"Benefiting from shared water resources: cooperation tops confrontation"
On the occasion of World Water Day, every year on 22 March, the United Nations draw attention to the fact that water is a scarce resource in many regions of the world. Scarcity of water holds potential for conflict, as illustrated by the controversy over the Nile water, which has been simmering between Egypt, Sudan and Ethiopia for a long time and is now threatening to rise again. The cause of current tensions is Ethiopia’s construction on the Blue Nile of what will become the largest dam in Africa, to be filled with water from the Nile starting this summer. In her doctoral dissertation at the Max Planck Institute for Comparative Public Law and International Law, Dr. Philine Wehling examined the legal rules and requirements for the utilization of transboundary watercourses using the example of the Nile.
Gigantic dams that threaten to cut the water resources of riparian states spark conflicts worldwide. Egypt and Sudan, for instance, are deeply concerned about their water supply if Ethiopia dams the most important tributary of the Nile River, the Blue Nile. Who owns the Nile?
Philine Wehling: No one is the sole owner. In principle, each riparian state has the right to use the watercourse in such a way that an equitable and reasonable utilization is also possible for the other riparian states. This customary principle needs to be concretized and adapted to the circumstances of each particular watercourse.
For the Nile, this means that all states bordering the Blue Nile have a right to its use. Ethiopia may dam the Blue Nile for hydroelectric power generation – but only in such a manner that also allows Egypt and Sudan an equitable use of the water.
During the past few months, the countries have negotiated under the mediation of the US. What was at issue?
The objective of the negotiations has been to conclude a trilateral agreement regulating the filling and operation of the Grand Ethiopian Renaissance Dam on the Blue Nile by Ethiopia. The draft text of the agreement does not concern the use of the Nile River as a whole – this would require the participation of all riparian states of the Nile. The agreement ought to strike a balance between the conflicting interests of the parties: Ethiopia seeks to dam the Blue Nile as quickly as possible to start generating electricity. Conversely, Sudan and especially Egypt wish this to happen slowly so that the quantity of water arriving at their borders remains as constant as possible.

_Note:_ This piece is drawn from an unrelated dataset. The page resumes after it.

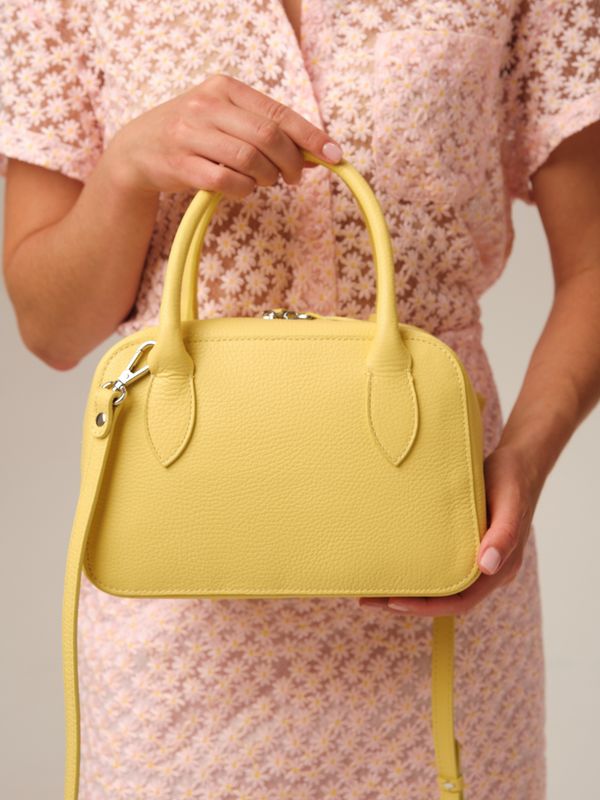 Кожаная сумка Polly summer DBR 31401 желтый нарцисс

What could be possible solutions?
One compromise could be for the reservoir to be filled up gradually during the rainy season – generally in July and August – and taking the effects on the downstream riparian states into consideration. The long-term operation of the dam could be based on a mechanism which, in the release of water, takes into account the requirements of both power generation as well as appropriate protection measures for Egypt and Sudan during dry periods and drought.

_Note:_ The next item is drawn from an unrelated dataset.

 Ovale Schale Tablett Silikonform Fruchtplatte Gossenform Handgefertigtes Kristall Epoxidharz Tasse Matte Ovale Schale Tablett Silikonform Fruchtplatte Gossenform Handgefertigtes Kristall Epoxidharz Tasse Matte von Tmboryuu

The negotiations have failed for now, and there are further conflicts over the Nile…
Yes, there is also no basin-wide treaty that regulates the use and management of the Nile River as a whole, and involves all of its riparian states. In view of the high population growth and rising water demand across all riparian states, the conclusion of such a treaty is becoming increasingly urgent.
Other regions are also facing disputes over water. For example, in the Middle East, conflicts concern the water abstraction from the Sea of Galilee and the use of the Rivers Euphrates and Tigris.
In the case of these conflicts, water scarcity is compounded by historical and political tensions between the riparian states. In fact, agreements have been reached between Israel and Jordan, but not between all five riparian states of the River Jordan, which flows through the Sea of Galilee. A basin-wide agreement would be important. In the case of the Rivers Euphrates and Tigris, the parties involved in the conflict, namely Turkey, Syria and Iraq, have so far been unable to agree on a comprehensive agreement on the use and protection of both watercourses.
Are there actually general legal rules on transboundary waters?
At global level, the Convention on the Law of Non-Navigational Uses of International Watercourses, commonly referred to as the UN Watercourses Convention, entered into force in 2014. The Convention codifies many principles of customary international law on the use of transboundary watercourses. Moreover, riparian states also frequently conclude watercourse agreements establishing rules among themselves for their particular shared watercourse. Riparian states worldwide have concluded well over 2000 such agreements to date.
What are the applicable rules in the absence of a treaty?
All states, regardless of whether they are parties to watercourse agreements or not, are bound by the customary principles of international water law – a minimum standard of sorts for the use, management, and protection of transboundary watercourses. These customary principles require riparian states to take all appropriate measures to prevent uses on their territory that cause significant harm to other riparian states. Riparian states are furthermore obliged to cooperate among themselves. This includes consultation and the exchange of information as well as prior notification of other riparian states if planned measures could have adverse effects in any other riparian state.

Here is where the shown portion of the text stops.